В этот момент он спас от большой опасности Мария Цельса, назначенного консула, который до последнего оставался верен Гальбе. Разъяренные солдаты громко требовали его казни, ненавидя в нем талант и добродетель так, как обычно ненавидят порок. Помимо чудовищной несправедливости такого поступка, это создавало ужасный прецедент, открывая путь к убийству лучших людей и, возможно, к разграблению города. Отон еще не обладал достаточной властью, чтобы предотвратить преступление, но уже мог приказывать. Он велел заковать Мария в цепи – якобы для того, чтобы подвергнуть его более тяжким мукам, – и этой хитростью спас его от неминуемой смерти.

Каприз солдат решал всё. Они сами назначили префектами Плотия Фирма и Лициния Прокула. Плотий, бывший простым солдатом, а затем ставший начальником городской стражи, одним из первых поддержал нового императора. Прокул был тесно связан с Отоном и считался его верным помощником в осуществлении замыслов. Солдаты также избрали префектом города Флавия Сабина, занимавшего эту должность при Нероне. Многие поддержали его из-за уважения к его брату Веспасиану, который в то время воевал в Иудее.

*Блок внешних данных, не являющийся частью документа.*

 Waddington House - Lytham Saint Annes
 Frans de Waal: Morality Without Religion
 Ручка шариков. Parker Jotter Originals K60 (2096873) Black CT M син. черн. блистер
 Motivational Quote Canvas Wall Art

После всех преступлений, совершенных в этот роковой день, верхом бедствий стала радость, которой он завершился. Претор города, ставший главой сената после смерти двух консулов, созвал собрание, и лесть разлилась без меры. Магистраты и сенаторы, поспешно явившиеся, даровали Отону трибунскую власть, имя Августа и все титулы верховной власти, наперебой стараясь чрезмерными похвалами стереть оскорбительные упреки, которыми они осыпали его незадолго до этого. Их расчет был вознагражден. Никто не заметил, чтобы Отон-император сохранил resentment за обиды, нанесенные ему как частному лицу. Было ли это забвением с его стороны или лишь отсрочкой мести – краткость его правления не позволила выяснить. Отон, признанный народом и сенатом, вышел из лагеря, явился на форум, еще залитый кровью, и, пройдя среди трупов, поднялся на Капитолий, а затем направился во дворец.

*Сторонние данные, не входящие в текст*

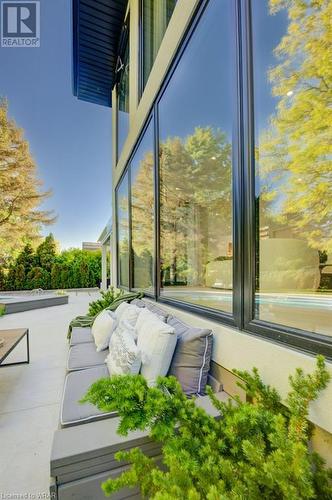 261 Whitmore Drive, Waterloo, ON - Outdoor With View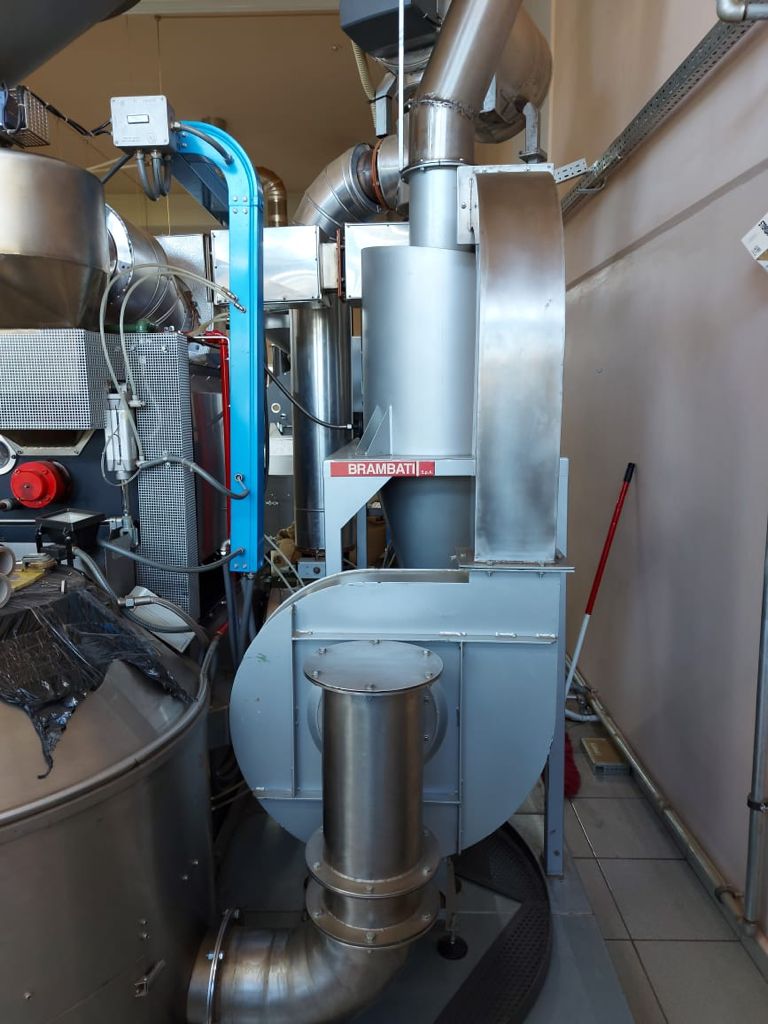 Used Brambati 30Kg - Roasters, photo 5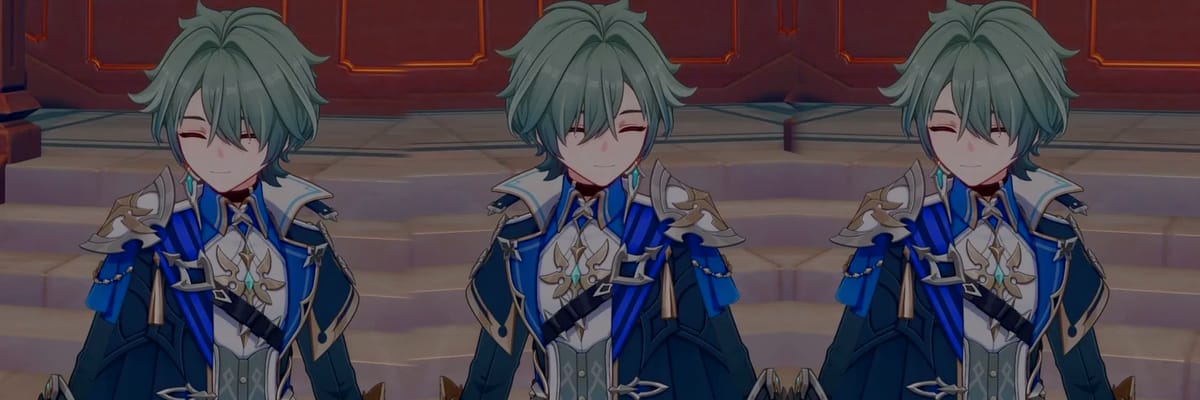 Genshin Impact 6.6 V4 Leaks Reveal Lohen Kit Explained With Full Gameplay Breakdown and Visual Showcase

Не нужно и говорить, что, пока ему рукоплескали открыто, в душе его боялись и ненавидели. И так как известия о восстании Вителлия, скрываемые при жизни Гальбы, теперь стали распространяться свободно, не было гражданина, который не скорбел бы о печальной участи республики, обреченной стать добычей одного из двух недостойных соперников. Не только сенаторы и всадники, по положению своему более вовлеченные в государственные дела, но и простой народ открыто сетовал, видя, что два человека, наиболее достойные ненависти и презрения за свои гнусные пороки, трусость и изнеженность, возведены на престол, словно злой рок специально избрал их, чтобы погубить империю. Вспоминали не недавние примеры жестокости правителей к отдельным лицам в мирное время, а общие бедствия гражданских войн: Рим, не раз захватываемый собственными гражданами, разорение Италии, опустошенные провинции, Филиппы, Фарсал, Перузию и Модену – места, прославленные кровавыми битвами римлян против римлян. «Вселенная, – говорили они, – была близка к гибели даже тогда, когда высшая власть оспаривалась достойными соперниками. В конце концов империя устояла при Цезаре и Августе: республика сохранилась бы, победи Помпей или Брут [2]. Но теперь за кого нам молиться? За Вителлия или за Отона? В любом случае молитвы будут кощунственны. Как выбрать между двумя, чья война может завершиться лишь доказательством превосходства порока в победителе?» Некоторые возлагали надежды на Веспасиана. Но это была далекая перспектива, и даже если бы она осуществилась, никто не был уверен, что Веспасиан окажется таким хорошим правителем, каким он впоследствии проявил себя.